[Exercise inputs — start]

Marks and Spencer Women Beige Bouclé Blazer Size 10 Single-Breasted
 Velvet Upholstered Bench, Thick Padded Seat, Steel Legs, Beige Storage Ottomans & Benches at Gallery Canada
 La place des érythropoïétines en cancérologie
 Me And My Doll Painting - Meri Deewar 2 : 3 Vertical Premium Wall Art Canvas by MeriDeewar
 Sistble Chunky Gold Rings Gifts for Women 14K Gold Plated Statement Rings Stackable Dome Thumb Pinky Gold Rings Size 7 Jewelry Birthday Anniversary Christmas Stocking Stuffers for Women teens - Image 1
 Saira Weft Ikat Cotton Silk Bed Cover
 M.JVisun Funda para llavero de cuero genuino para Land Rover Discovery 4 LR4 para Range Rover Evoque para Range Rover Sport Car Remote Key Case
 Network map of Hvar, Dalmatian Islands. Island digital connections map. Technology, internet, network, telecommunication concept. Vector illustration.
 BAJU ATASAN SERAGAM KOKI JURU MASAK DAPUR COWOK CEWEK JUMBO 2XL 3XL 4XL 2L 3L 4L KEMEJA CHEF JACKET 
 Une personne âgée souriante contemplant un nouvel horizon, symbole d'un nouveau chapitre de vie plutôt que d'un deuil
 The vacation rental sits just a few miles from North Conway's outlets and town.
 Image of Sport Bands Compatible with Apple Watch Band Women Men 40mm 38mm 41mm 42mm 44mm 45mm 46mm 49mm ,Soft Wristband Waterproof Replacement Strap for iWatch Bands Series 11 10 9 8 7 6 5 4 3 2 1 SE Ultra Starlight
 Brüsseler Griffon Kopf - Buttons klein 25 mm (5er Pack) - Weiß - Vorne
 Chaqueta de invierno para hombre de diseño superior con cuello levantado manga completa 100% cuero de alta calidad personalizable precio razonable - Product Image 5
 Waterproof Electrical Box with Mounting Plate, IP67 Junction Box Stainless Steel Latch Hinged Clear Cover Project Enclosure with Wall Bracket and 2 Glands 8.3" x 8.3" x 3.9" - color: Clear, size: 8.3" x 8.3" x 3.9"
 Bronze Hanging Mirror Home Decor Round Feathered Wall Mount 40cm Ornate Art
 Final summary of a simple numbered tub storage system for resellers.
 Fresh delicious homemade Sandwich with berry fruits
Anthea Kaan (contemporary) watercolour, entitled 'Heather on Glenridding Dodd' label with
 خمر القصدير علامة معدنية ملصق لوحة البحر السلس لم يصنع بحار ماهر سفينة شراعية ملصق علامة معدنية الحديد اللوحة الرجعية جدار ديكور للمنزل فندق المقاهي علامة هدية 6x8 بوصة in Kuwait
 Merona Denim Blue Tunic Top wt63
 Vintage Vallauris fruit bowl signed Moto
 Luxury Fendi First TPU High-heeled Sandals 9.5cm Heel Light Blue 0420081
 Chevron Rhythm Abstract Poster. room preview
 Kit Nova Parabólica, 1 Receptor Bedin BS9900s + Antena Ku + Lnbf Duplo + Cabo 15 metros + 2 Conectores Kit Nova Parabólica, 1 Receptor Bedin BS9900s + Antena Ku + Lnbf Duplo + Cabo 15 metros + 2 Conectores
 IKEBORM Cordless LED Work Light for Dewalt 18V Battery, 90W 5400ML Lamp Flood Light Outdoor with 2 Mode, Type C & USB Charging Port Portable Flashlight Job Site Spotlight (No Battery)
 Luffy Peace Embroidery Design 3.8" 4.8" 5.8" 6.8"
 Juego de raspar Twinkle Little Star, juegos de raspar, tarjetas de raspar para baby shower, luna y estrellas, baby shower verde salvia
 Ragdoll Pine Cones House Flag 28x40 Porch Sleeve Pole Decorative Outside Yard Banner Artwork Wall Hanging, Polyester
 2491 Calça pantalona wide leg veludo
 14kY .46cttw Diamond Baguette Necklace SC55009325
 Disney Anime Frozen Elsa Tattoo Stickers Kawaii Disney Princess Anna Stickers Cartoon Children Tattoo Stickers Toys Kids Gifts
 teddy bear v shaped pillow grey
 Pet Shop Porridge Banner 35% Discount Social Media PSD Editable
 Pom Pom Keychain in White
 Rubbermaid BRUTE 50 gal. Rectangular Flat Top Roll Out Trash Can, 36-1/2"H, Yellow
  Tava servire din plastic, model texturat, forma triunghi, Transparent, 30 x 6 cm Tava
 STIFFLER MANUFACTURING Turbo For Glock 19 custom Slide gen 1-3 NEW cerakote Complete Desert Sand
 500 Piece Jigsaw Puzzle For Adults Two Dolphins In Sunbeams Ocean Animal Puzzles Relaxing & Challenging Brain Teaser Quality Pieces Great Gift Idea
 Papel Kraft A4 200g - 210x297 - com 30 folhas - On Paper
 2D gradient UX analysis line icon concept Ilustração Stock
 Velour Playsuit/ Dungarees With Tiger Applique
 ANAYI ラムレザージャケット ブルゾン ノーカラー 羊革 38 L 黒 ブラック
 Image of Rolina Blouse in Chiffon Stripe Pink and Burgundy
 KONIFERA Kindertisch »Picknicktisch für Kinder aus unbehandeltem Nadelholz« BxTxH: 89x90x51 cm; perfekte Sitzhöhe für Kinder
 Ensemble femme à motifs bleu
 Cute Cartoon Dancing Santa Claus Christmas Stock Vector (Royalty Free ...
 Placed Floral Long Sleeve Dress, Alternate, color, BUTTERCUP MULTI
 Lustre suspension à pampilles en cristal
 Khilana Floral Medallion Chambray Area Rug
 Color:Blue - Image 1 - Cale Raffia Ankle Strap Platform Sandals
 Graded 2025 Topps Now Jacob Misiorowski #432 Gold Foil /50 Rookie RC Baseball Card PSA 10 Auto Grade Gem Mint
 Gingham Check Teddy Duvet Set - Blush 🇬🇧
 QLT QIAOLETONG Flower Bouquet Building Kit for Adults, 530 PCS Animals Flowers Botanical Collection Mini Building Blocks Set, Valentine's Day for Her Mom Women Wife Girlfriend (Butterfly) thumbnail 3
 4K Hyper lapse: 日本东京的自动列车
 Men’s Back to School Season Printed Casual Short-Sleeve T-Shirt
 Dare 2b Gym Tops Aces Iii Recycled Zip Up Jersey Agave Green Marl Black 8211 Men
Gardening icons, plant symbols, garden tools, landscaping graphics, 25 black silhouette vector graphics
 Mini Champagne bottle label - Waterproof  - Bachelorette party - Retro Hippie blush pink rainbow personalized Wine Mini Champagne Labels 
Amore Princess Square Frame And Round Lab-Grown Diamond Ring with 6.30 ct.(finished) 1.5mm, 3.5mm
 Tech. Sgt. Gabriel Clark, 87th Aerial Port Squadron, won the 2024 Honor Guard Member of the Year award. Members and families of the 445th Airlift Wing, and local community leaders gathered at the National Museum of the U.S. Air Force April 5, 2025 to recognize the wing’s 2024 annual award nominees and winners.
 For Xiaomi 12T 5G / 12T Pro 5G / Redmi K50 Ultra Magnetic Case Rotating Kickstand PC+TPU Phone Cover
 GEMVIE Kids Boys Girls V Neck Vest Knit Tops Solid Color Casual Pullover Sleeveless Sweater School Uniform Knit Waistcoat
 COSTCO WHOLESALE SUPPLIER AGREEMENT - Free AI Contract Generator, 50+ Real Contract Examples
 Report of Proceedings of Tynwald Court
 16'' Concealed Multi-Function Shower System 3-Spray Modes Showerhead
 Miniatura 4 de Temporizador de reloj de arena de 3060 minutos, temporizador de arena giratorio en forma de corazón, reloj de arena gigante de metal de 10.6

[Exercise inputs — finish]

### Aim of the task
An exact copy of the data is needed, running from its first line through the line that holds "Saira Weft Ikat Cotton Silk Bed Cover", and nothing beyond that.

### Task response
Marks and Spencer Women Beige Bouclé Blazer Size 10 Single-Breasted
 Velvet Upholstered Bench, Thick Padded Seat, Steel Legs, Beige Storage Ottomans & Benches at Gallery Canada
 La place des érythropoïétines en cancérologie
 Me And My Doll Painting - Meri Deewar 2 : 3 Vertical Premium Wall Art Canvas by MeriDeewar
 Sistble Chunky Gold Rings Gifts for Women 14K Gold Plated Statement Rings Stackable Dome Thumb Pinky Gold Rings Size 7 Jewelry Birthday Anniversary Christmas Stocking Stuffers for Women teens - Image 1
 Saira Weft Ikat Cotton Silk Bed Cover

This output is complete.